The exhibition, Patterns of Identity, presents a selection of works from eight undergraduate University of Massachusetts-Dartmouth students in Woven and Complex Woven Cloth taught by Suzi Ballenger in the Fall Semester 2018.
Students used woven cloth as a metaphor to explore concepts of ethnicity, family, religious symbols and political crests. Their social fabric is a contemporary interpretation of 19th and 20th century Rhode Island weaving patterns. In the process of making, students first imitated and then re-designed the historic patterns with a modern version to create their own Pattern of Identity.
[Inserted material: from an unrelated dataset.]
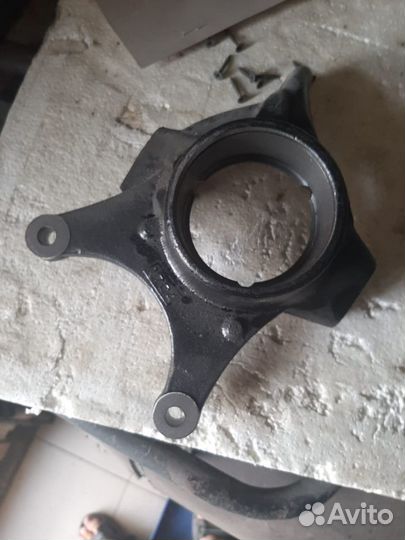 Кулак поворотный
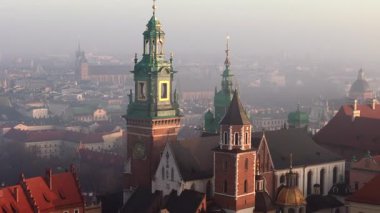 Wawel Kalesi Katedrali 'nin hava görüntüsü. Arka plandaki eski kasaba binaları. Cracow, Polonya. Yörünge atışı.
One system of pattern making requires a traditional floor loom and is characteristic of the Overshot technique used in historical blankets and coverlets. The original patterns were written and designed by William Henry Harrison Rose in the mid-1800s and Bertha G Hayes in the mid-1900s. Woven on a cotton warp, pattern wefts are two-ply wool with a cotton tabby. The viewer can almost see the transformation from past to present, the tightness of the community by the density of cloth and the importance of heritage with the choices of color and renaming patterns.
Using conventional upright loom weaving techniques, two of the students have identified their sense of self through tapestry weaving. The color insertion, hand manipulation, and pulling certain threads results in a subjective, three-dimensional interpretation of social fabric.